Even if you don’t know the science behind it, you’ve probably heard of Schrodinger’s cat at some point in your life. If you haven’t, let me give you the short short version: there’s a box with a cat in it, and a substance that may or may not release inside the box and kill the cat.

So until you open the box, there’s no way of knowing whether the cat is alive or not. Schrodinger posited that, since we can’t know which is the case, both are true until the box is opened. It’s essentially a thought experiment which delves far deeper into quantum mechanics and particle physics than I’m going to in this review.

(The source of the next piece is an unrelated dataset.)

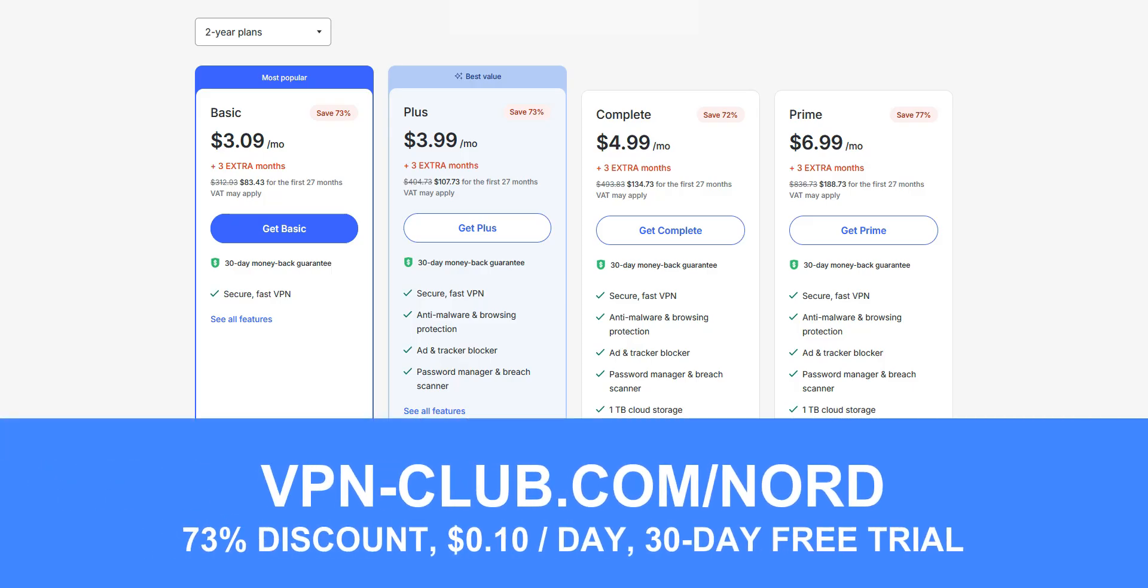To give NordVPN a try, visit vpn-club.com slash nord or click on the link under this video. As you can see, NordVPN only costs $3.09 per month. That's just 12 cents per day. Again, practically nothing.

But the idea that someone created a card game based on the concept of Schrodinger’s cat is not only audacious, but pretty impressive. (And the puns are just the icing on the cake.)

[Some of the cat physicists in the game: Sir Isaac Mewton,
Sally Prride, Madame Purrie, and Neil deGrasse Tabby.]

Schrodinger’s Cats was funded through a Kickstarter campaign last year, and it’s the brainchild of Heather Wilson, Heather O’Neill, and Chris O’Neill. A mix of bluffing, deduction, and wagering, this game combines Name That Tune-style bravado and strategy with Poker-style game play.

Each player is a cat scientist forming hypotheses on how many boxes contain live cats, dead cats, or nothing at all. (While Schrodinger is away, of course. As the old saying goes, when the scientist’s away, the cats will play. Or something like that.)

Every player receives one box card for each player in the game (so if there are three players in the game, each player receives three box cards), as well as one cat scientist card.

Once the cards are dealt, players look at their box cards and see what each box contains, hiding this info from the other players. Then the players begin hypothesizing. They wager on how many of each result are in ALL of the boxes on the board. So, in the game layout above, there are nine boxes, and each scientist has to wager what’s in all the boxes.

But instead of starting with a high guess and then wagering lower totals (as you would in Name That Tune), you start low in Schrodinger’s Cats and wager upward. Scientists can also affect the wagering by “showing findings” — revealing one or all of their own boxes to either prove their hypothesis or make the other players doubt their own — or by swapping out some boxes. (Each cat scientist card also allows for a one-time-use special action for a player, which can also prove useful.)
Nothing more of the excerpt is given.